2. A l’école maternelle, une typologie d’oraux dans plusieurs langues

Ce dispositif de typologie d’oraux a pour objectif d’exposer les enfants à différentes langues et d’instaurer un contrat didactique qui mette en évidence les stratégies et de savoirs acquis par les élèves en dehors de l’école. Les métropoles européennes sont plurilingues par les populations qu’elles accueillent, par les parcours de leurs citoyens. Dès leur plus jeune âge, les enfants sont au contact de plusieurs langues, au fil des étapes de leur socialisation et de leur scolarisation. Lorsque la langue familiale et la langue de l’école ne sont pas les mêmes, l’enjeu n’est pas de privilégier l’une d’entre elles, mais plutôt de construire une identité linguistique plurielle, de développer les aptitudes à communiquer dans des langues différentes, à des degrés divers de compétence, et dans des contextes variés. Ce que Bernard Rey souligne à propos du transfert de compétences d’une discipline à l’autre (1996) vaut pour le transfert de connaissances et de compétences d’une langue à une autre : il ne pourra se faire sans la sollicitation (explicite ou non) de l’environnement éducatif, et en particulier de l’institution scolaire ; il ne peut être activé par l’enfant seul et nécessite des activités de classe qui mettent en lumière les acquis des élèves, stimulent la réflexion aussi bien sur ce qui les distingue que sur leurs similarités. Ceci a largement été exploré par les démarches de Language Awareness (Hawkins, 1984) et de l’Eveil aux langues (Dabène, 1995, Candelier, 2003) et dont s’inspire cette expérimentation avec des enfants de 3-4 ans en cadre scolaire. Elle vise à repérer quelle est leur capacité à identifier des documents télévisuels dans différentes langues : regarder la télévision est une activité fréquemment familiale et commune à la grande majorité des enfants scolarisés en maternelle ; les modes actuels de réception de l’image57 permettent une diversification des langues écoutées à la télévision, souvent en lien avec la langue familiale. C’est donc en dehors de l’institution que les enfants acquièrent, de manière informelle et souvent solitaire, des compétences de réception et d’analyse des documents télévisuels, et sont susceptibles d’être exposés à plusieurs langues, à leurs variétés, à une alternance codique fréquente et assumée58. Notre questionnement de départ est double : quelles sont les compétences et connaissances plurilingues des élèves, en maternelle ? Les repérer et les solliciter peut-il contribuer aux apprentissages ?

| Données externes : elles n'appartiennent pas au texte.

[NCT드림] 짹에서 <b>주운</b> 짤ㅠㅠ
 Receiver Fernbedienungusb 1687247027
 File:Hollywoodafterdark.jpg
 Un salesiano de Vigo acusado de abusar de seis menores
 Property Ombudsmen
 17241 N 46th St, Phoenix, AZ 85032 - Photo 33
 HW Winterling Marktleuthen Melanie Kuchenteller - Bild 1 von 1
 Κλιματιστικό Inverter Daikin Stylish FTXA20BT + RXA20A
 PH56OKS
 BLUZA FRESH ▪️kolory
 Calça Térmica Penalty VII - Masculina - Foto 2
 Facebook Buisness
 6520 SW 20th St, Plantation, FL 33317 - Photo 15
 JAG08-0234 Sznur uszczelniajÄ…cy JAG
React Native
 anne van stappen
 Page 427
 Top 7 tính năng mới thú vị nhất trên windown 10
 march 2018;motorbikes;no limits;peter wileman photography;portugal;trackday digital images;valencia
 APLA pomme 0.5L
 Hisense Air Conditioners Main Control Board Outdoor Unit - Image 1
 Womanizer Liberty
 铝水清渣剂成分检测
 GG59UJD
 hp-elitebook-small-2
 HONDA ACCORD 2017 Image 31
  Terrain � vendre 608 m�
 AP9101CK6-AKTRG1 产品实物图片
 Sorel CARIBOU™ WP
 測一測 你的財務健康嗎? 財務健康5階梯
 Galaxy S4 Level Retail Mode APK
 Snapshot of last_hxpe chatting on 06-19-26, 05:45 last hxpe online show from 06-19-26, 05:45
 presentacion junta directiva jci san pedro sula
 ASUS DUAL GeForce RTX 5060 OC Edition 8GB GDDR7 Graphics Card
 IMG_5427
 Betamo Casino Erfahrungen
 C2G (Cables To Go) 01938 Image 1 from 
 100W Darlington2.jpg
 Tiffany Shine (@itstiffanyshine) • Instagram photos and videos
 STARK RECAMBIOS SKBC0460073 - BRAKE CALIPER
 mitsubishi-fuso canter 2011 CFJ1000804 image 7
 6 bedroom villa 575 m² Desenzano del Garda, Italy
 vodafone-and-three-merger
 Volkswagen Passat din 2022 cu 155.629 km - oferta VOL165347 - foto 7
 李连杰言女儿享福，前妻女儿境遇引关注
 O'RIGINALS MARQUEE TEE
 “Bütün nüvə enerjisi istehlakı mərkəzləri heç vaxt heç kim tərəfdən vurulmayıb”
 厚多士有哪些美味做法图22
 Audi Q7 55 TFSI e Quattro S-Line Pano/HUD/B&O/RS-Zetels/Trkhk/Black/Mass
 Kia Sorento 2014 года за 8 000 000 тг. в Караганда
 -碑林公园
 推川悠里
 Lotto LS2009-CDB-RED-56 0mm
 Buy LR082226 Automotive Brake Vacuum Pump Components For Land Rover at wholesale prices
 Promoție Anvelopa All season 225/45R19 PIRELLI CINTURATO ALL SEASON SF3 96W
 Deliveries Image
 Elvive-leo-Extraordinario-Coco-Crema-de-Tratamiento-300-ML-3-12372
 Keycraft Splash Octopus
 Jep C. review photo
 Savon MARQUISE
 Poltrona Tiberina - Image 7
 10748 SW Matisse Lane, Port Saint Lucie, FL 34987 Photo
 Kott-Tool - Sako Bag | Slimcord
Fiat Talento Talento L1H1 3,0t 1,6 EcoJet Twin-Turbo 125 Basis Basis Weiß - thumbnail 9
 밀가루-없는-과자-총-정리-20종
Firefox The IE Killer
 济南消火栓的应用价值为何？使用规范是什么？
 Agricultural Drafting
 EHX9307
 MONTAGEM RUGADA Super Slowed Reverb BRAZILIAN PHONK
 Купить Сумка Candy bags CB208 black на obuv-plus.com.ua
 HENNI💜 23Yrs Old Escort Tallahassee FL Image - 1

L’expérimentation a consisté en six séances auprès d’une classe de quatre à cinq ans, en concertation avec l’enseignant. Nous sommes dans le centre ville de Lyon, à la lisière d’un Réseau d’Education Prioritaire et d’un quartier habité par des classes moyennes et favorisées : aussi les classes sont-elles très hétérogènes, que ce soit au plan social, culturel et linguistique ; les parents des enfants sont artistes, cadres, chercheurs, chômeurs, commerçants, enseignants, ouvriers, RMIstes et appartiennent à différentes cultures. Deux enfants de la classe ont des parents arabophones, une autre enfant s’apprête à aller passer ses vacances en Jordanie, l’un a des parents anglophones, un autre une mère néerlandophone, l’oncle d’un enfant vit en Allemagne et est en visite actuellement chez les parents de son neveu : nous sommes dans une classe ordinaire d’une métropole européenne. Les situations plurilingues que vivent les élèves sont diverses, mais auraient pu rester invisibles si l’enseignant s’en était tenu à des données statistiques de nationalité, car elles sont le fait des vécus familiaux (parcours professionnels, vacances) et des parcours migratoires des ascendants plus que d’expériences migratoires directement vécues par les élèves.

Une première séance d’observation et de contact m’a amenée à abandonner le projet d’un groupe témoin, car l’enseignant avait beaucoup travaillé les semaines précédentes à fédérer la classe, et il n’était pas pertinent d’introduire de nouvelles séparations. Une seconde séance a permis aux enfants d’identifier et de commenter les situations de communication photographiées. Les trois séances suivantes ont été consacrées à l’écoute d’extraits télévisuels : les enfants, invités à débattre sur les documents écoutés, ont validé ou invalidé leurs hypothèses lorsqu’ils ont visionné les émissions, en fin de séance. La séance conclusive a permis de répondre aux questions non élucidées, de solliciter les élèves sur leur identification de différentes langues, et d’introduire différents systèmes d’écriture associés aux langues entendues, en montrant des documents différents (manuels, albums pour la jeunesse).

Notes
57.

Parabole, câble, internet.

58.

En particulier pour les chaînes du Maghreb. L’une des séries diffusées sur la télévision marocaine fait même de l’alternance codique l’un des ressorts comiques.